The bill ensured, according to Coulter, that “we would be taking the poorest of the poor from around the world” and we “would no longer be taking western Europeans or Canadians.” Coulter said it was as if Democrats, who have not received support from a majority of white voters since 1964, looked around the country and said, ‘okay, fine America, you won’t vote vote for us. We tried this the easy way and we’re just going to bring in ringers now,’ and that is what they did.” Coulter mentioned that President Barack Obama would never have been elected to the White House “but for recent immigrants, millions upon millions of poor, welfare-receiving immigrants being dumped on the country.”
She noted that pre-1970 immigrants were “more educated, made more money, bought more houses” while post-1970 immigrants are “far more likely to be on welfare” than native-born Americans.
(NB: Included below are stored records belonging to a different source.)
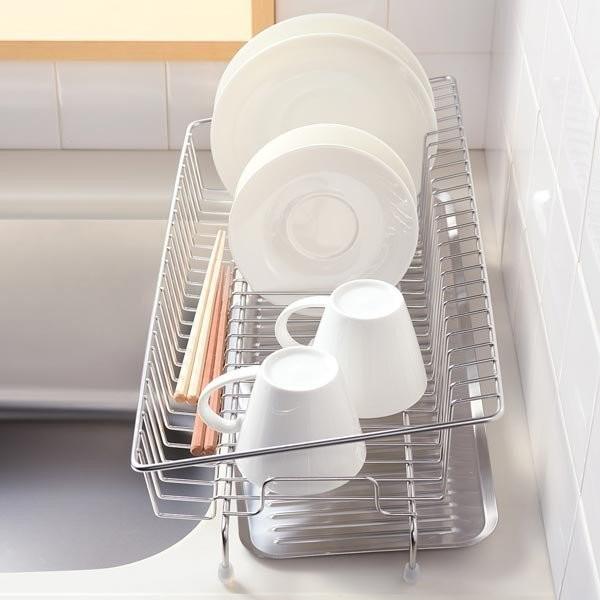 水切りラック スリム 狭いキッチン 使いやすい 水きりかご ステンレス 細い 省スペース 日本製 Buyee Buyee Japanese Proxy Service Buy From Japan Bot Online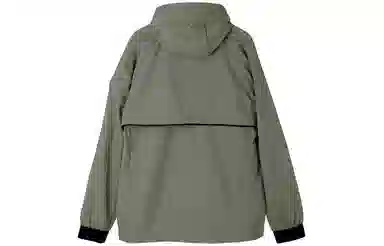 Canada Goose SS23 Hooded Zip Jacket Green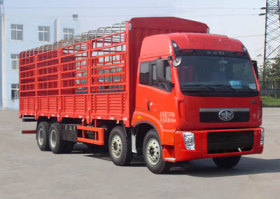 仓栅式运输车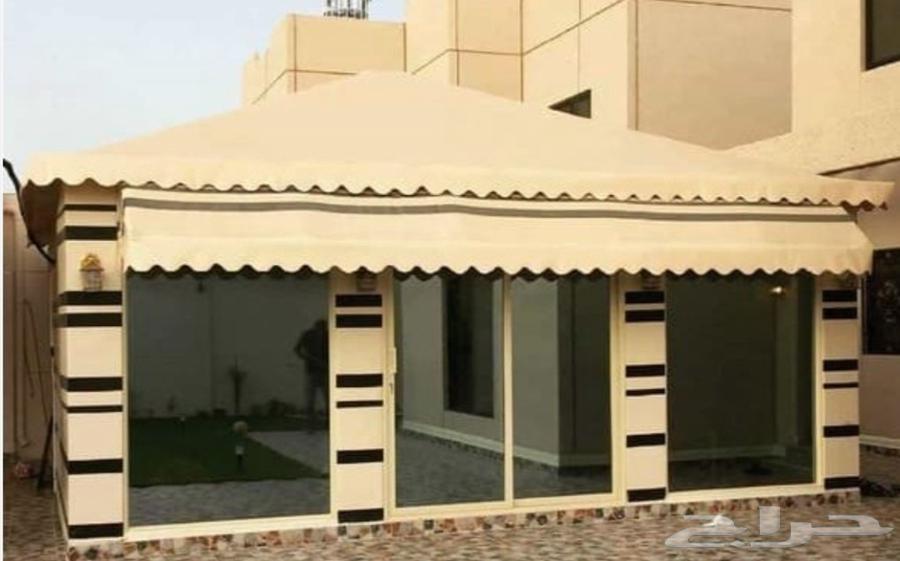 حداد مضلات وسواتر مخيمات بيون شعر64181560637185113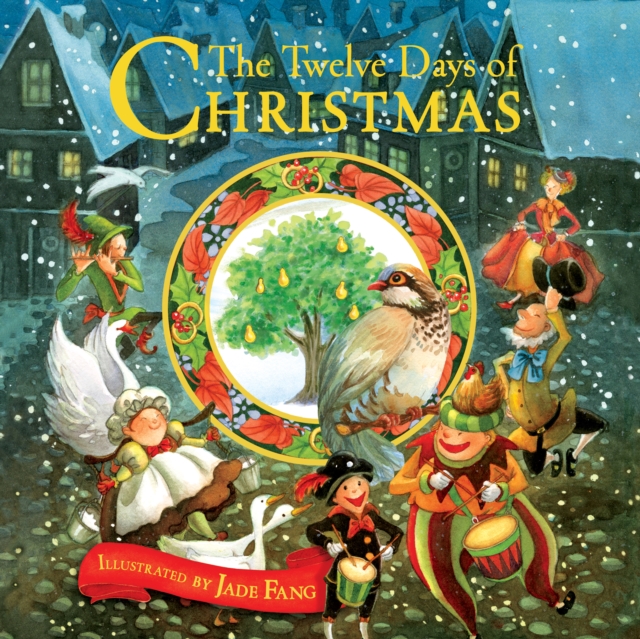 The Twelve Days of Christmas, PDF eBook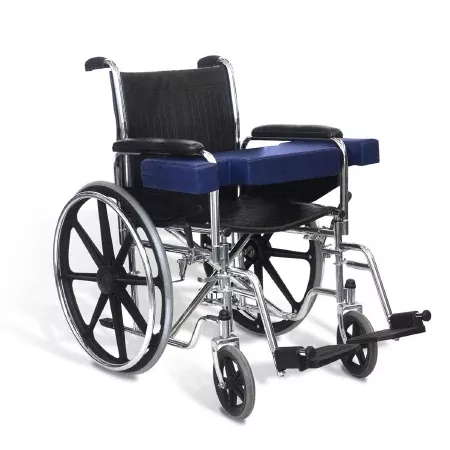 New York Orthopedic Lap Cushion 31 W X 3 H Inch Foam - M-1095686-769 - Each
To make matters worse, the post-1970 immigrations are “Latin America’s poor and not Poland’s poor so now they can go around claiming racism.”
“No, you don’t have a right to come to our country when we have done nothing to you and claim to be a victim of America. We did nothing to you,” Coulter said. “We did something to black Americans. We owe them. You can’t piggyback on the black experience in America if you arrived yesterday.”
Democrats like Jim Webb have also made the same point, and Coulter added that “this is the true history and it is worth standing up for and defending” even though black Americans are unlikely to vote for Republicans.
The left, though, is hardly solely responsible for America’s immigration problem, according to Coulter.
“It’s the media. It’s the Chamber of Commerce. It’s Marco Rubio. It’s elitist Republicans. It is the elites against the American people,” she said.
Regarding the 2016 presidential election, Coulter said that as a general matter, Republican primary voters should never consider a presidential candidate who is not a current governor or a former governor. Coulter said she may make an exception for Donald Trump because “he’s the only one who is talking about immigration and he may force immigration to be an issue in the debate.” But she insisted that any candidate who is not or has not been a governor is not a “serious” candidate.
Coulter said Wisconsin Governor Scott Walker, who is expected to declare his candidacy next month, is the “only one who is any good” and revealed that she still yearns for a Mitt Romney presidency.
“Mitt Romney was the best we ever had on immigration,” Coulter claimed, arguing that Romney was “Jan Brewer before Jan Brewer was Jan Brewer” because he never backed down from self-deportation.
Coulter said her secret desire is a “Romney-Walker ticket, but i’ll take a Walker-Romney ticket.”